-- EXERCISE BRIEF --
Type out the complete listing below word for word, without its pictures.

-- COLLECTED DATA --
· · ·

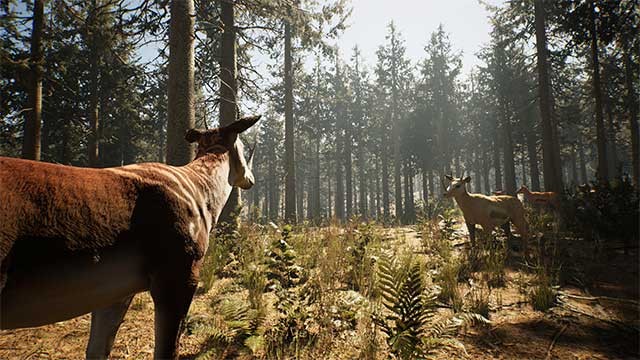 Thế giới sandbox rộng lớn để bạn khám phá và chiến đấu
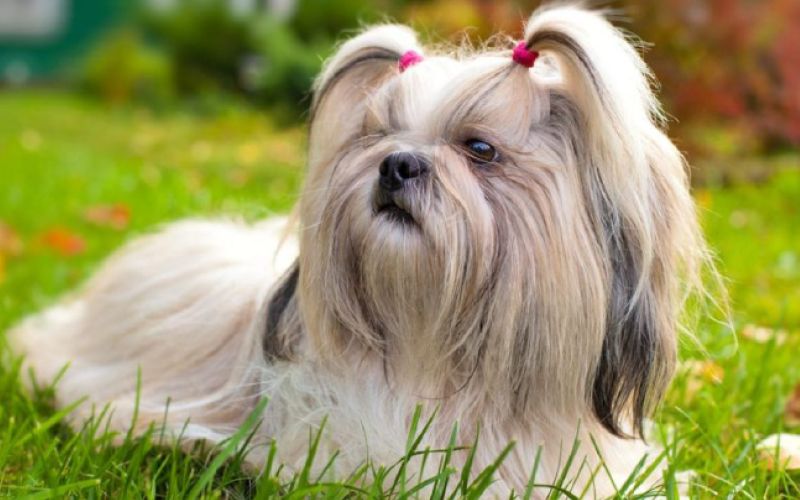 Shih tzu 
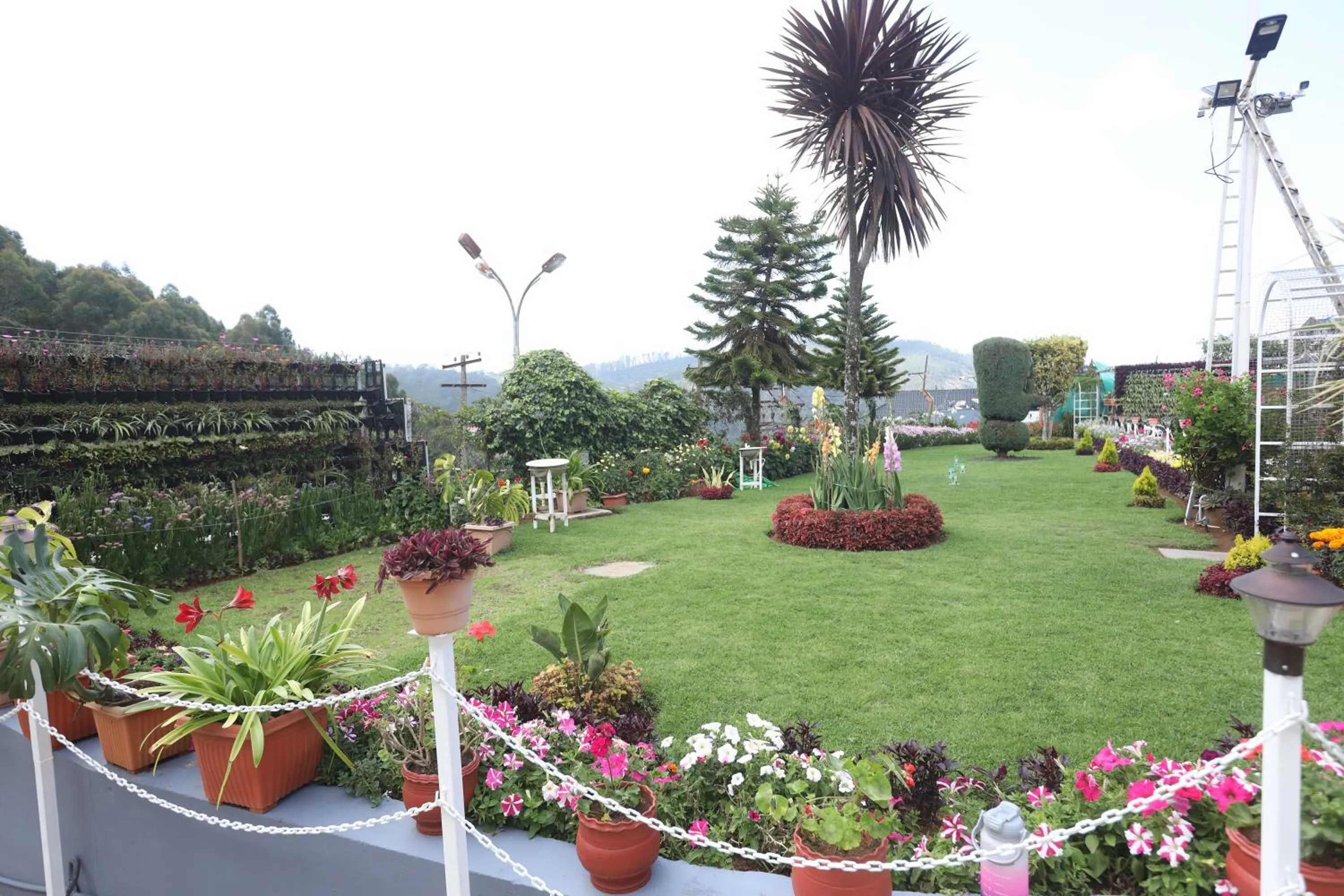 Garden in Delightz Inn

· · ·

-- EXPECTED ANSWER --
 Thế giới sandbox rộng lớn để bạn khám phá và chiến đấu
 Shih tzu 
 Garden in Delightz Inn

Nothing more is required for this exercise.